The code for the ongoing projects an be found on my GitHub and Bitbucket repos.

Some tools coded in C++:

  • ELAN2split (splitting ELAN annotation files into time-sequences as annotated in a specific tier). This tool generates a corpus of file-pairs, i.e. audio-file chunks from a time-aligned speech corpus with the corresponding transcription to be used by HTK-based speech tools for the generation of Forced Aligners or training of other types of speech recognizer models. The C++11 code is available at the Bitbucket Git Repo.
  • TreeBankParserSA is a tool written in C++11 to extract Context-free Grammar rules from treebanks in the Penn-Treebank format. It can generate Probabilistic Context-free Grammar (PCFG) formats for the Free Linguistic Environment (FLE) with absolute counts and relative frequencies. The frequencies can refer to the left-hand-side symbol or the particular extracted rule. One output format will be also compact using Finite State representations or the FLE-based Weighted Finite State Transducer (WFST) representation.
  • Free Linguistic Environment (FLE), a parser environment implemented in C++11/C++14, mainly focusing on compatibility with XLE and XFST for parsing based on the LFG-formalism (using the existing XFST morphologies and XLE grammars). It also can parse with CFGs, PCFGs, etc.
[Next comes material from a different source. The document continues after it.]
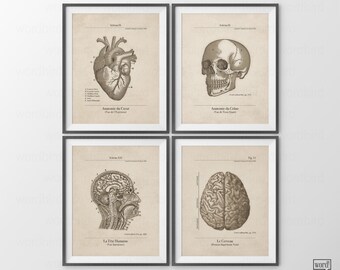 French Anatomical Posters, 4 Set, Anatomy Prints, Vintage Anatomy Prints, Skull, Skeleton, Human Anatomical Chart, Anatomie Humaine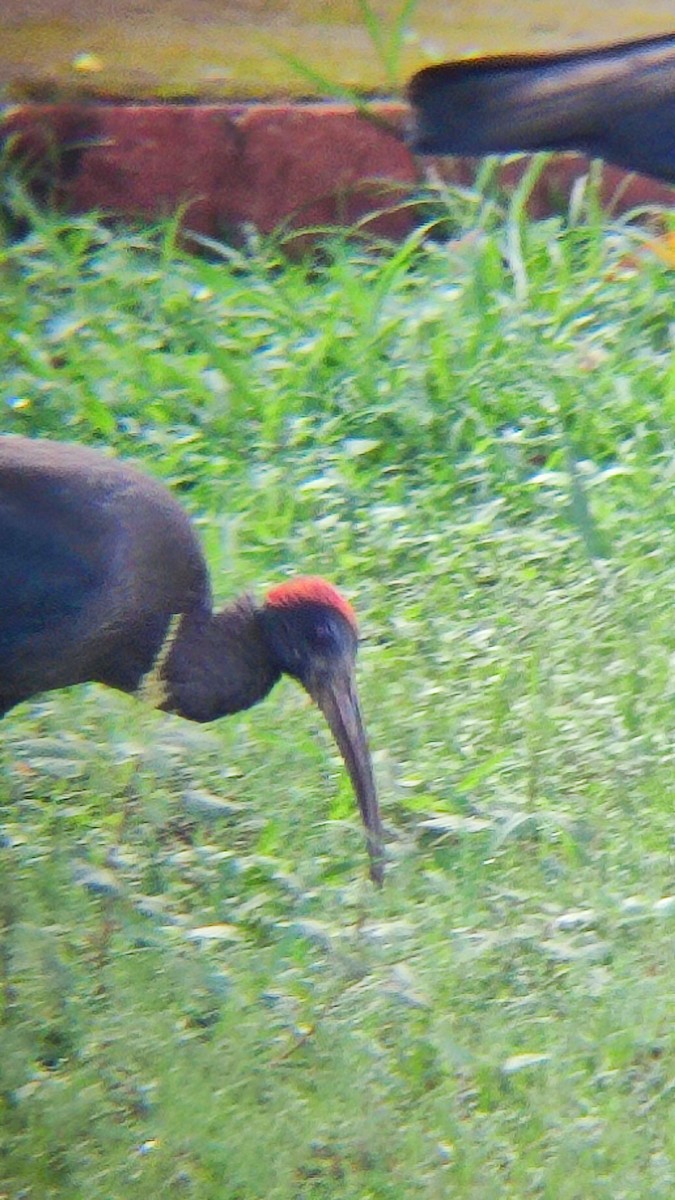 ibis bradavičnatý - ML485787011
The implementation provides an environment to work with Probabilistic LFG in the backbone (using PCFGs or higher level probabilistic grammars), or it allows for modeling of probabilistic relations between inputs and parse-tree and f-representation. The morphological analyzer uses Foma and OpenFST. I run a list for the development group, a closed Bitbucket Git-repo (by invitation) and a free and open repo with the finally released code.